#### [WORK TO COMPLETE]
No pictures belong in the answer. Repeat all the entries exactly.

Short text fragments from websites
◇ ◇ ◇ ◇ ◇ ◇ ◇

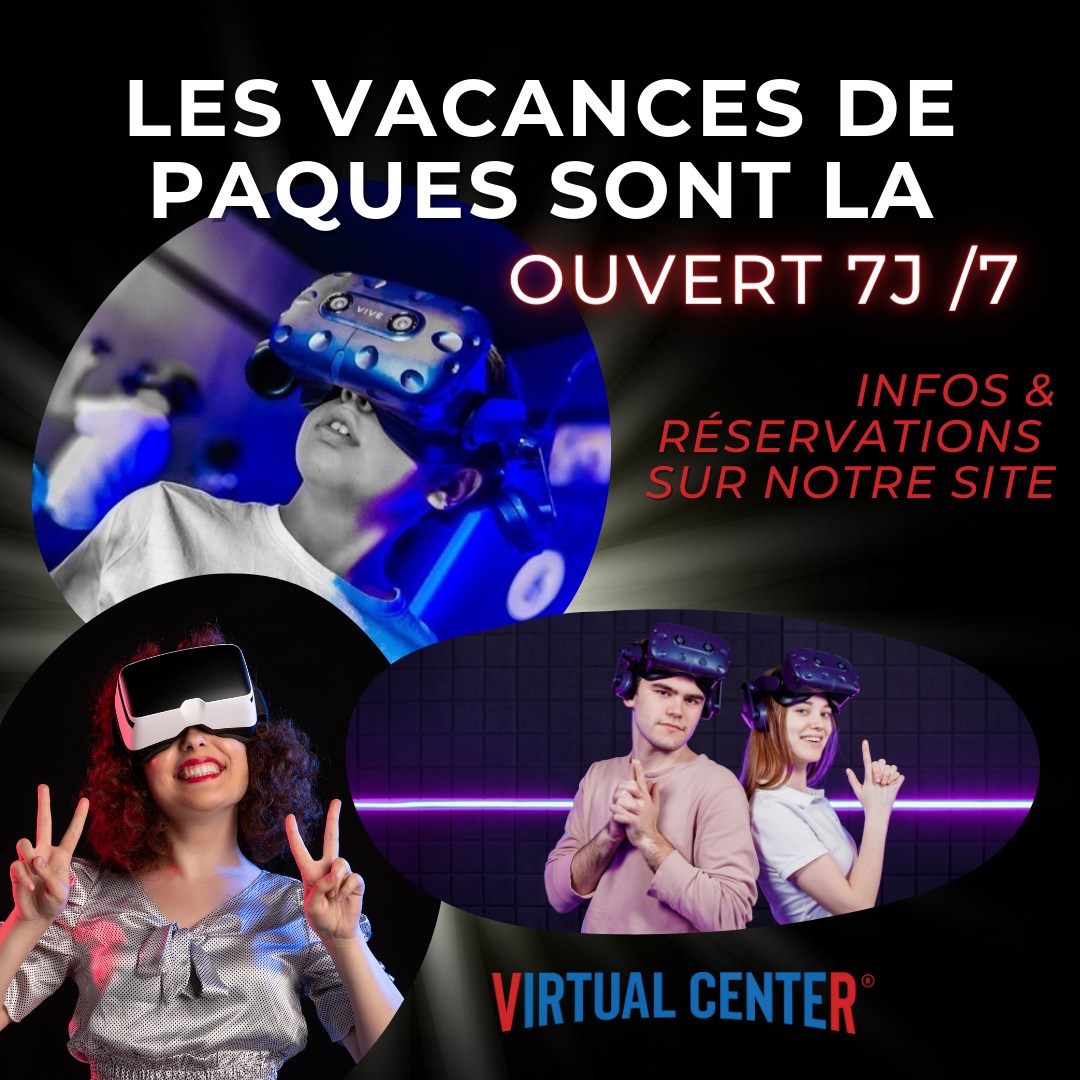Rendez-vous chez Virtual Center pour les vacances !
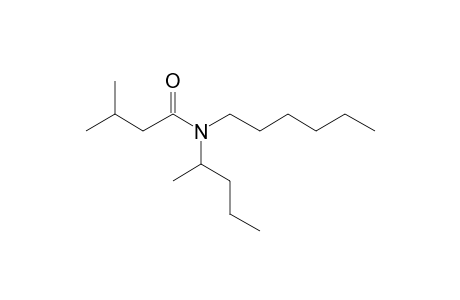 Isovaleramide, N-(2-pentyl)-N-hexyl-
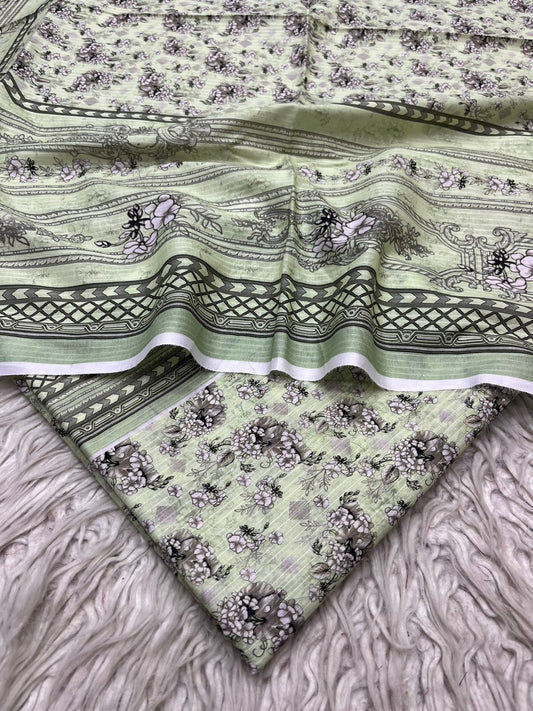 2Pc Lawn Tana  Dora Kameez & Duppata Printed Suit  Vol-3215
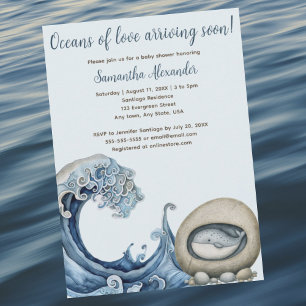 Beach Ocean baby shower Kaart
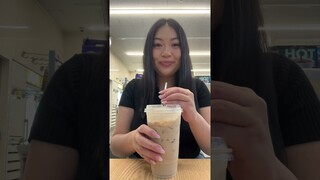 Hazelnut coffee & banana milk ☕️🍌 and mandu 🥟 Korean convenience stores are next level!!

◇ ◇ ◇ ◇ ◇ ◇ ◇

#### [SOLUTION FOR THIS PROBLEM]
Rendez-vous chez Virtual Center pour les vacances !
 Isovaleramide, N-(2-pentyl)-N-hexyl-
 2Pc Lawn Tana  Dora Kameez & Duppata Printed Suit  Vol-3215
 Beach Ocean baby shower Kaart
 Hazelnut coffee & banana milk ☕️🍌 and mandu 🥟 Korean convenience stores are next level!!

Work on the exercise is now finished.